What you need to do: Only the lines below between the one holding "Failure to have" and the one holding "Super fire exquisite", inclusive, are to be reproduced word for word; the pictures are to be left out.

━━━━━ Data for analysis

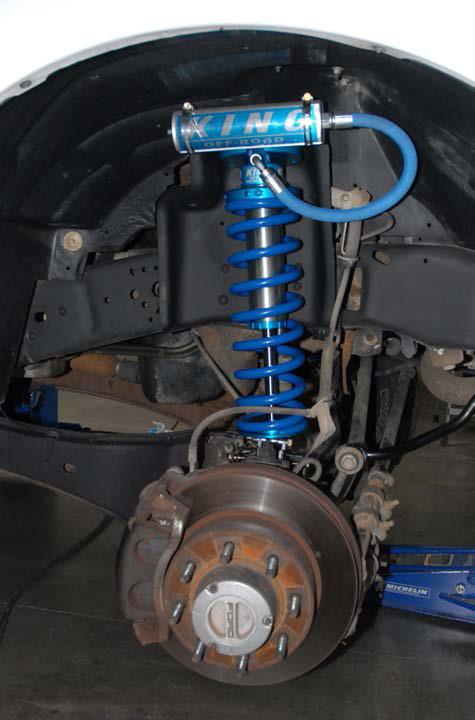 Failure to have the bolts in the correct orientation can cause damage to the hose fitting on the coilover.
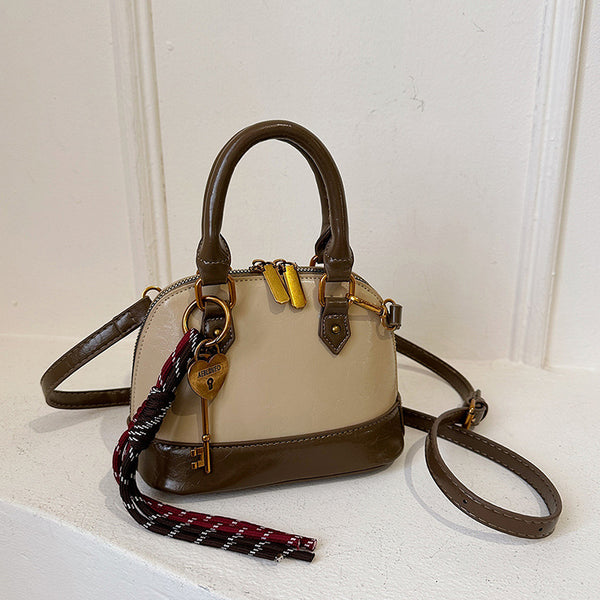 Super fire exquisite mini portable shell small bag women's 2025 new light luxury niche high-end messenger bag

━━━━━━━━━━
━━━━━ Data for analysis

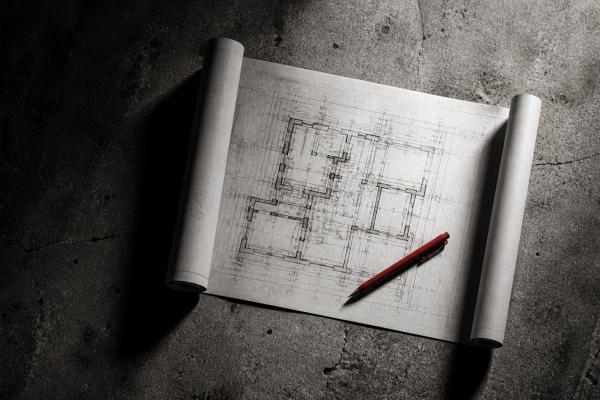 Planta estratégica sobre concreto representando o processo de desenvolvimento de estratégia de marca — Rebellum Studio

━━━━━━━━━━

Response below:
 Failure to have the bolts in the correct orientation can cause damage to the hose fitting on the coilover.
 Super fire exquisite mini portable shell small bag women's 2025 new light luxury niche high-end messenger bag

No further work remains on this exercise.